Being young is easy, in that many of your choices are made for you. You can’t control where you live or where you go to school. Your social circles are the ones your family moves in. The kids you spend time with on the playground become your friends. In many places with a homogenous background you all know the same things. You sing the same songs; tell the same stories; eat the same food; go the same places.

And then you grow up some, and start making choices. To cut your hair this way or that way. To play this sport or that instrument. To watch this program on the telly instead of that one; to love this band instead of that one; to have this tattoo or that piercing; to love this person instead of that one. So you grow apart from certain people because of these choices, and closer to others due to your interest in the same things. And then you fall in love and choose someone to spend your time with and that narrows things down still. And then you wake up one day – when you’re much older than you’d ever thought you’d be – and you have to reckon with all of your choices.

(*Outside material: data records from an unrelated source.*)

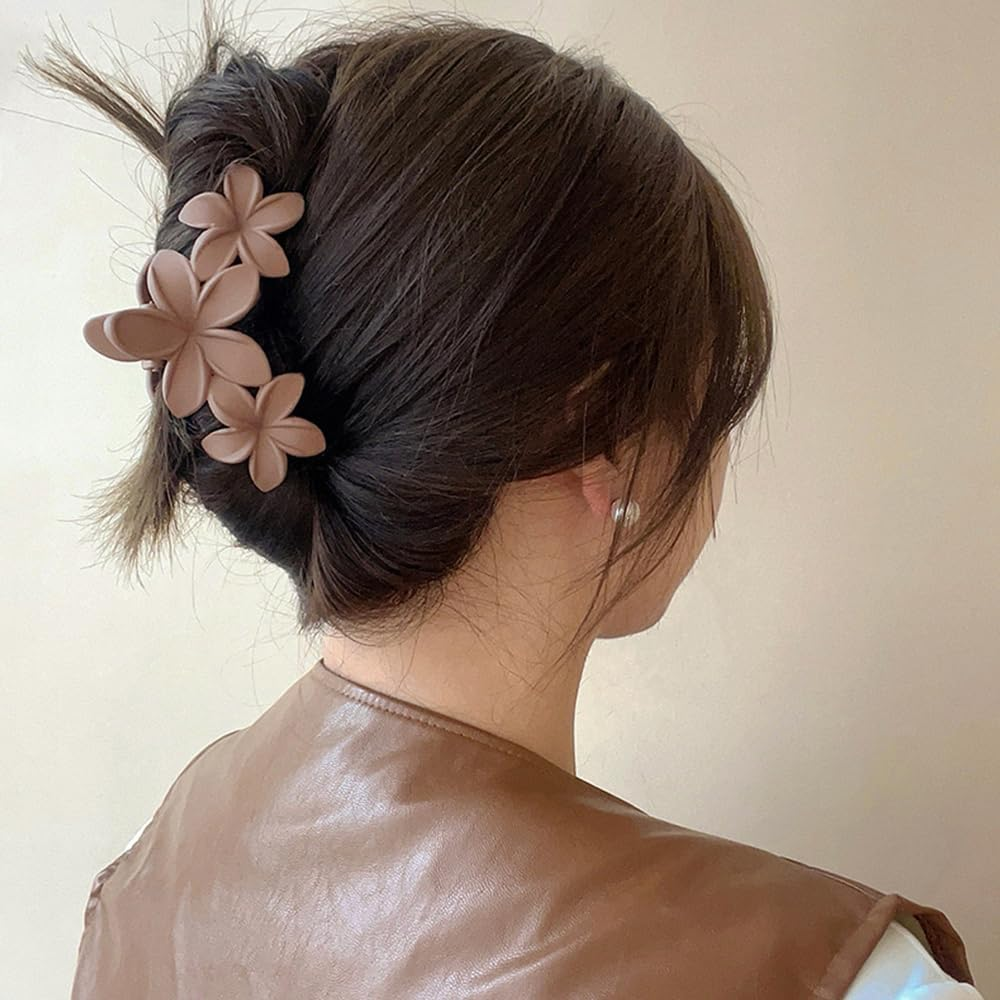 ZSPERKLA Pack of 4 Flower Hair Clips Large Hair Clips for Thick Thin Hair, Non-Slip Hair Jaw Clips Hair Styling Accessories for Women Girls image number 6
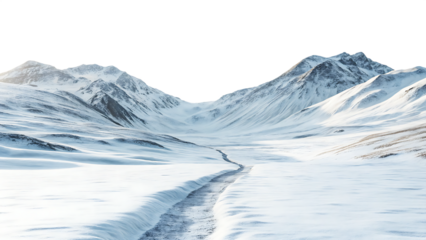 winter landscape of mountains with path  isolated on white background PNG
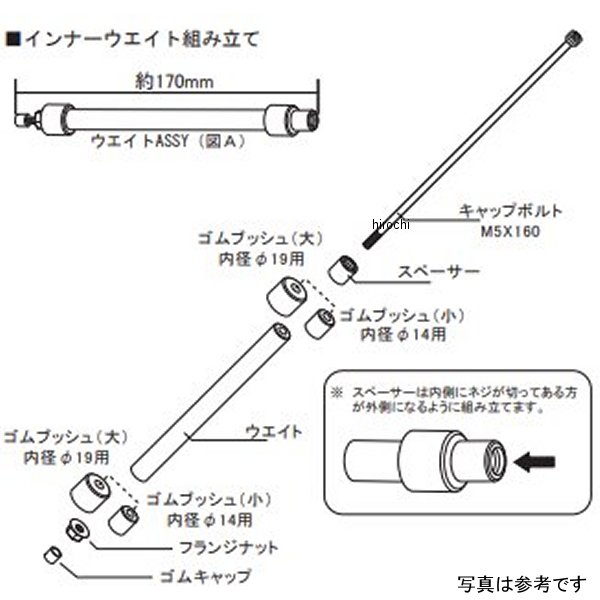 リペアインナー ウェイトボルト&ゴムセット φ13-φ17用 片側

The 1996 film “Trainspotting” was famously about a group of junkies who “choose not to choose.” All their energy was on getting money for their next fix. The ferocity and single-mindedness with which they pursued their happiness through drugs catapulted “Trainspotting” past being another after-school special into a worldwide phenomenon. Its lust for life (sorry) was a rare thing, and the movie has absolutely stood the test of time. A sequel was not, of course, inevitable; who could imagine the characters would all live so long? But here it is; and here we are.

This movie begins in a gym, with a panning shot up and down people running on rows of treadmills. One of them is eventually shown to be Mark Renton (Ewan McGregor) who then dramatically collapses. It transpires he hasn’t been back to the U.K. since the events of the first film, although a little later he returns to Edinburgh for his mother’s (unshown) funeral. While back in town he looks up Spud (Ewen Bremner) and finds him in the midst of a suicide attempt. He saves Spud’s life and then tracks down Sick Boy (Jonny Lee Miller), now using his real name Simon. The ensuing welcome turns into a violent fight which smashes up Simon’s pub; the only punter present doesn’t react past protecting his drinks from the flying glass. But all three of them have a bigger problem. Begbie (Robert Carlyle) has been in prison for the past 20 years, except when he isn’t.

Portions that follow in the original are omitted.